#### EXERCISE GOAL
Here is the task for the records below: repeat exactly the lines from the one with "Onyx Egg/Pakistani Handcrafted Marble Egg" to the one with "Фото - Одеяло", both included, and nothing else.
(INPUT)
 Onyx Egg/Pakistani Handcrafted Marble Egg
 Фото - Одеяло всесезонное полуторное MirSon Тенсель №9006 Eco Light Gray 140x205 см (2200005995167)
(End INPUT)
(INPUT)
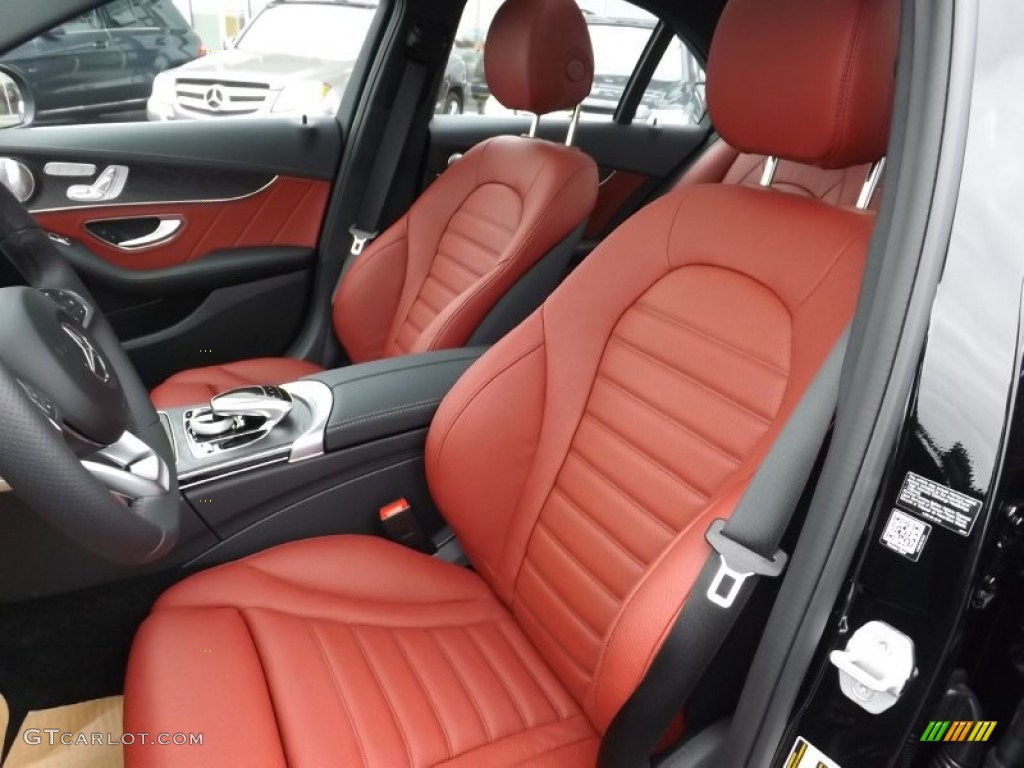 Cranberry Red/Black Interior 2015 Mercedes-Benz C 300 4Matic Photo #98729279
(End INPUT)
(INPUT)
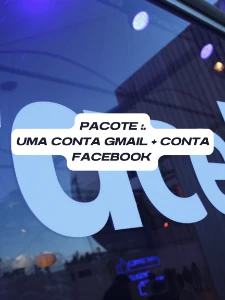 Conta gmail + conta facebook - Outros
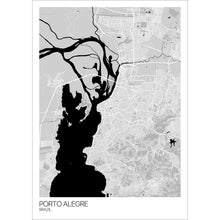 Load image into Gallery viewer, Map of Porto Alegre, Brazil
(End INPUT)
#### RESULT
 Onyx Egg/Pakistani Handcrafted Marble Egg
 Фото - Одеяло всесезонное полуторное MirSon Тенсель №9006 Eco Light Gray 140x205 см (2200005995167)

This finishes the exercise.